Petone is in a real sense the birthplace of New Zealand and it was there, on the wharf, that the official sesquicentennial celebrations were held in 1990.
 
 
 
 
 
 
 
 
 
 
 
 
 
 
 
 
 
 
 
 
 
 
 
 
 
The very first group of organised settlers to arrive in NZ came to Petone Beach in January 1840.  They confronted an arduous 3-month journey and vagaries of a settlement with fortitude and faith. Then 12 years after arrival, built and opened the Christ Church in Taita.
 
 
 
 
 
 
 
 
 
 
 
 
 
 
 
 
 
 
 
The church itself has a rich history. When the settlers arrived on Petone beach, they were welcomed by Te Whiti, and his Atiawa people, who had a village on what is now the Wellington Rowing and Water-skiing clubs.  The Te Atiawa tribe made the new arrivals welcome, sheltered and fed them, and fast developed a strong relationship with them based on trade.
 
They initially lived in pre-fabricated huts, which they bought with them in a village they named Britannia, on land which is now where the Petone Croquet Club is in Tennyson Street, Petone. When Te Rauparaha tried to drive out the settlers, the people of Te Atiawa fought on the settlers’ side.

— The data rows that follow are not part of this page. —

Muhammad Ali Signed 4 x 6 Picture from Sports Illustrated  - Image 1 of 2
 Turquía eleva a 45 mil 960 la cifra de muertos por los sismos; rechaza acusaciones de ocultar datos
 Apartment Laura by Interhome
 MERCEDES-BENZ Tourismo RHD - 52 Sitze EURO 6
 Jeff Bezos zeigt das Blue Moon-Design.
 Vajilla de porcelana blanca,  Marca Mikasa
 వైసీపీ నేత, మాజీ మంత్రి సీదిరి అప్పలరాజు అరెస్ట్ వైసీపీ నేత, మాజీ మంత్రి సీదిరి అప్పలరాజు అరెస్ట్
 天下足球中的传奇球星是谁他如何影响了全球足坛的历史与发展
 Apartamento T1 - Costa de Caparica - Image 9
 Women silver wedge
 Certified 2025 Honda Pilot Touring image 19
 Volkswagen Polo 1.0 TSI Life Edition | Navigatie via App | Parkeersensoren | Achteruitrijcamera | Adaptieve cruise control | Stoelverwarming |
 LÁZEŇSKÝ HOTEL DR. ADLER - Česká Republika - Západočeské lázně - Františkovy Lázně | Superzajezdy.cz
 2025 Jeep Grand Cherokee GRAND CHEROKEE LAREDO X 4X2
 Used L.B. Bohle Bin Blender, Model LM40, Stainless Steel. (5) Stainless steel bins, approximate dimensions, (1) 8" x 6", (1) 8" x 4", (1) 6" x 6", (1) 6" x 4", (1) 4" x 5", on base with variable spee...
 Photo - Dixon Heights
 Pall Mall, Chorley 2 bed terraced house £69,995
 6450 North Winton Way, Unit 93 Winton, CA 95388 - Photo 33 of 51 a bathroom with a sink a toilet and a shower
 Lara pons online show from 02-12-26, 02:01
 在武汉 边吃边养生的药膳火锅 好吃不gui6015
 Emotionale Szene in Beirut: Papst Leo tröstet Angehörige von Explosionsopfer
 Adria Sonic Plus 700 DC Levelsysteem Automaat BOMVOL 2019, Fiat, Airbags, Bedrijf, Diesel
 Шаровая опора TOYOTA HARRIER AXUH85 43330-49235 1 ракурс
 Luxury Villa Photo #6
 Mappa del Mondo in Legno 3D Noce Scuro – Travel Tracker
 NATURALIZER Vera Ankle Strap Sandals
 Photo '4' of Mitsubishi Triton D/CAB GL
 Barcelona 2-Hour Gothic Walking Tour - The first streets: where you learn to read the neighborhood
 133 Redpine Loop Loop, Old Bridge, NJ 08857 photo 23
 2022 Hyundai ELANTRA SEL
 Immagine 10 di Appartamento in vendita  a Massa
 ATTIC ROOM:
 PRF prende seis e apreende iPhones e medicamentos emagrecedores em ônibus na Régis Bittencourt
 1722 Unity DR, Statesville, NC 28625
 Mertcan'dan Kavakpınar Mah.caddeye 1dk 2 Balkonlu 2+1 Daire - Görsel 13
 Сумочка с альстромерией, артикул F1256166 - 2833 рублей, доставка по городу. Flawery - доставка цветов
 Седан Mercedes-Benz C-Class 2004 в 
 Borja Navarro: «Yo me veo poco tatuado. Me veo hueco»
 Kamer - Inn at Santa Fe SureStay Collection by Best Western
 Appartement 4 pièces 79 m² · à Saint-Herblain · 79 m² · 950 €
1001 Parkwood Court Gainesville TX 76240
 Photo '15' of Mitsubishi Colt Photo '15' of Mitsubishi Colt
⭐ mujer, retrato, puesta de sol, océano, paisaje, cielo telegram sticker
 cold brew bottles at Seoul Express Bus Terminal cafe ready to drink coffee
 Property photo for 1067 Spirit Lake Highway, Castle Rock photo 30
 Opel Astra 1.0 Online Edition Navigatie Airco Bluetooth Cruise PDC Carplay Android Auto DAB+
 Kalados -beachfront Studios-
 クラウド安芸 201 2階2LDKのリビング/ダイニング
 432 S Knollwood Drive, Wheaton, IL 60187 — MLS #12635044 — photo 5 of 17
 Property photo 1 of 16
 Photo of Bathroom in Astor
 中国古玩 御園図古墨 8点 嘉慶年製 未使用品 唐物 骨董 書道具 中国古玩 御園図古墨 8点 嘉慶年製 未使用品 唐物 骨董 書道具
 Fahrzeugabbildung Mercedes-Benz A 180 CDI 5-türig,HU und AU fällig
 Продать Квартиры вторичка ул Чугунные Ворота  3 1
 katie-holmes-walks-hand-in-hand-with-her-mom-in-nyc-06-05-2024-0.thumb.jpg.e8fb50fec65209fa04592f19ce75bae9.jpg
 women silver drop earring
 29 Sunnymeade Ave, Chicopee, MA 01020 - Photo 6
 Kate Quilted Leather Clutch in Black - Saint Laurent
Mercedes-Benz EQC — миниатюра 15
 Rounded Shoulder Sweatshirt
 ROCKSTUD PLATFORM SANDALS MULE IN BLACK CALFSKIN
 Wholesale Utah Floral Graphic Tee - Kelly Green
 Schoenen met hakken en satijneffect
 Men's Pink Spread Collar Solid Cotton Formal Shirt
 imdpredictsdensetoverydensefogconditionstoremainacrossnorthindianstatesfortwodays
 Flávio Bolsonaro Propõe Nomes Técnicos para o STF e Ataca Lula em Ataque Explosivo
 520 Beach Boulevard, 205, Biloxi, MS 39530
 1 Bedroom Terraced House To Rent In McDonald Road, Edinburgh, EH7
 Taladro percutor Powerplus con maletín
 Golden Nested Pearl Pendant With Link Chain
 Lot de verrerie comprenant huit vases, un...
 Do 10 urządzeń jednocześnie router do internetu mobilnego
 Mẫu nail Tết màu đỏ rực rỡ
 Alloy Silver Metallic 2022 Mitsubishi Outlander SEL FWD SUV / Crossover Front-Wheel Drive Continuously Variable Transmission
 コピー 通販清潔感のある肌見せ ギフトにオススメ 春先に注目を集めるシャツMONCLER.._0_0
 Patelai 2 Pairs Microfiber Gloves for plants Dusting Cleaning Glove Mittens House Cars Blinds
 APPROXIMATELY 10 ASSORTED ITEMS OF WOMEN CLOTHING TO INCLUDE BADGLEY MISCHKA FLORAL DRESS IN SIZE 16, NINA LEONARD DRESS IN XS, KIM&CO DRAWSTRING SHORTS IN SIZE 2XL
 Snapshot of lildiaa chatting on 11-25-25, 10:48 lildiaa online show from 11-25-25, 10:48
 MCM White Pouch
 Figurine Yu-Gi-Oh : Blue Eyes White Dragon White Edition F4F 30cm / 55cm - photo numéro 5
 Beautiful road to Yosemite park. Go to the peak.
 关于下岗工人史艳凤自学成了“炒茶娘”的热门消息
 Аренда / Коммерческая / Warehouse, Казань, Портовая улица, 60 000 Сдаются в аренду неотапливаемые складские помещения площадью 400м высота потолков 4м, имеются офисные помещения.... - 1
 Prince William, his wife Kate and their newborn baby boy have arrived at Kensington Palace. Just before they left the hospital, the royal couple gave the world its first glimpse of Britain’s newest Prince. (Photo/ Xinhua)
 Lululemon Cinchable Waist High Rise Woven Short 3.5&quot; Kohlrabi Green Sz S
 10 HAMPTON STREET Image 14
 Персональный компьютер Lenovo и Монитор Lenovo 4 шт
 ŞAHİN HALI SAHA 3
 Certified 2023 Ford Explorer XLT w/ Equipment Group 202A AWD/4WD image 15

Further tough times arrived in the form of two major floods of the Hutt River, followed by the 1852 Earthquake. These caused such collective upheaval that it drove the settlers out.  Some went to Port Nicholson, that later to became Wellington, and some to flood-free land upriver at Taita.
 
Christ Church was the first substantial edifice built in the Hutt Valley after the settlers arrived there.  It was built by the settlers themselves from pit-sawn timber and hand-wrought nails. It opened in 1854.
 
 
 
 
 
 
 
 
 
 
 
 
 
 
 
 
 
 
 
Still standing today, it’s isolated from view because of the large industrial buildings around.
 
To make the church available to visitors and school groups, a Trust has been formed, of which I am the secretary. A visitor centre is to be established in the form of an authentic settlers’ cottage. It will be staffed by volunteers, to allow visitors and school parties to see the church and displays to tell the many remarkable stories of those settlers’ bravery and devotion.